Biographical Database of NAWSA Suffragists, 1890-1920

Biography of Mary Eleanor Brackenridge, 1837–1924

By A. Elizabeth Taylor

This entry has been republished with special permission from the Handbook of Texas Women, a project of the Handbook of Texas Online, Texas State Historical Association. <https://tshaonline.org/handbook/online/articles/fbr04>. Accessed February 12, 2020.

BRACKENRIDGE, MARY ELEANOR (1837–1924). Mary Eleanor Brackenridge, clubwoman and advocate of women's rights, daughter of John Adams and Isabella Helena (McCulloch) Brackenridge, was born in Warwick County, Indiana, on March 7, 1837. George W. Brackenridge was her brother. She spent her childhood in Indiana and, upon graduating from Anderson Female Seminary in New Albany in 1855, joined her family, who had moved to Jackson County, Texas. She remained in Jackson County until 1866, when she and her mother went to San Antonio to live with George. John A. Brackenridge had died in 1862.

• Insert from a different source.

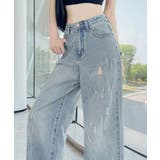 ダメージデニムパンツ ワイドレッグデニム | SUNSHINE CLOSET | 詳細画像7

In San Antonio, Eleanor became a champion of civic and social betterment. She was active in the Texas Federation of Women's Clubs, the Daughters of the American Revolution, the Texas Mothers' Congress, the Order of the Eastern Star, and the Presbyterian Church. She was a firm believer in prohibition and a strong supporter of the Woman's Christian Temperance Union. She founded the Woman's Club of San Antonio and served as its president for seven years. Under her guidance the club turned its attention from literary subjects to such issues as the need for police matrons, female probation officers, industrial and vocational education, and the general welfare of women and children. She made a study of the state's legal code and published a pamphlet entitled The Legal Status of Texas Women in 1911.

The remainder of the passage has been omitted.